Directions for this task
Output every entry below exactly, without its pictures.

Image-text web data

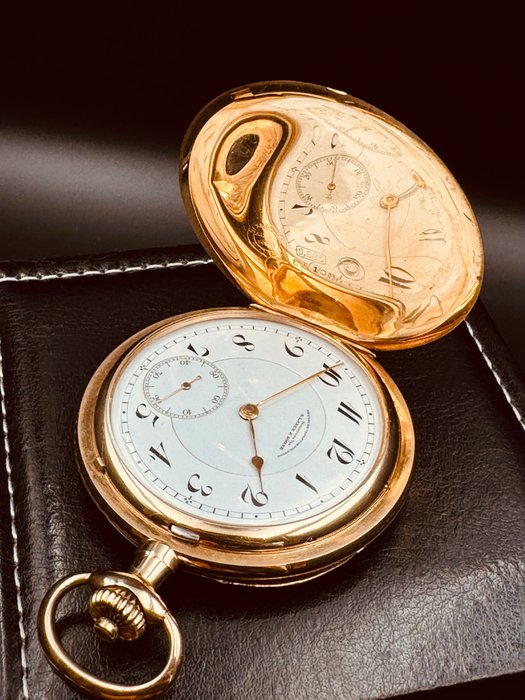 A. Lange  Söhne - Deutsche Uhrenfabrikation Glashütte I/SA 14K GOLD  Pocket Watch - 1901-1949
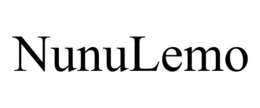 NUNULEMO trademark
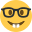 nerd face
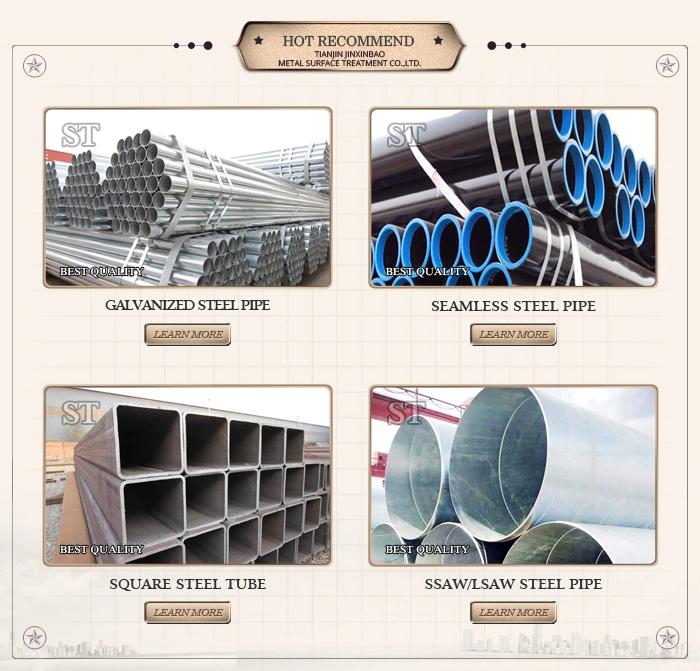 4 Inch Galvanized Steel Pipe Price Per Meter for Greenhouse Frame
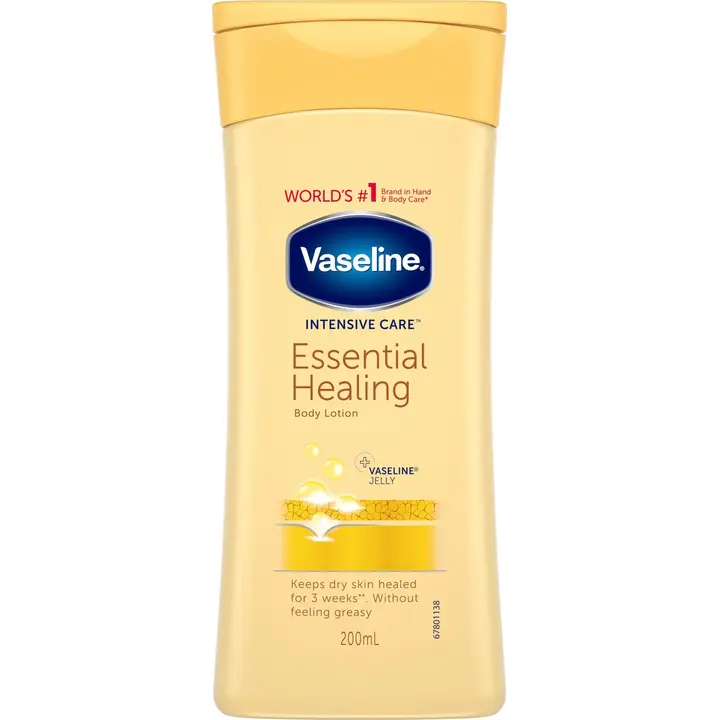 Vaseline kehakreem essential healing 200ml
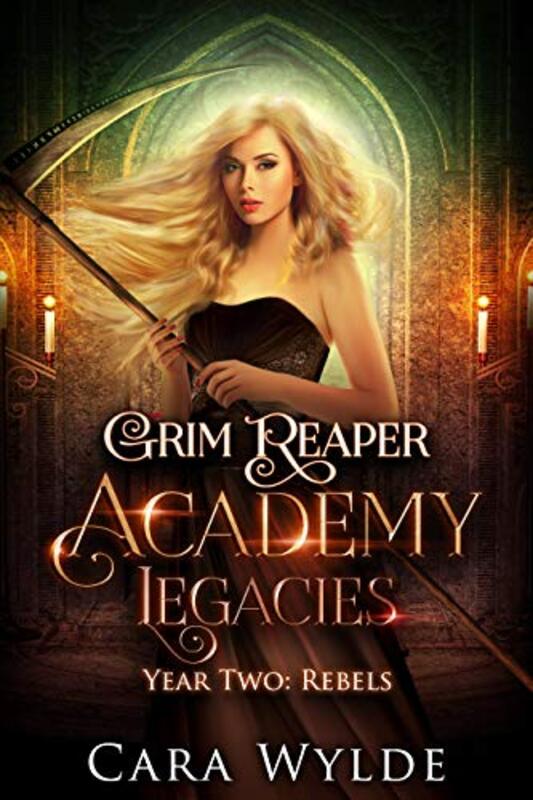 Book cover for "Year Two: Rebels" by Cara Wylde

Answer
 A. Lange  Söhne - Deutsche Uhrenfabrikation Glashütte I/SA 14K GOLD  Pocket Watch - 1901-1949
 NUNULEMO trademark
 nerd face
 4 Inch Galvanized Steel Pipe Price Per Meter for Greenhouse Frame
 Vaseline kehakreem essential healing 200ml
 Book cover for "Year Two: Rebels" by Cara Wylde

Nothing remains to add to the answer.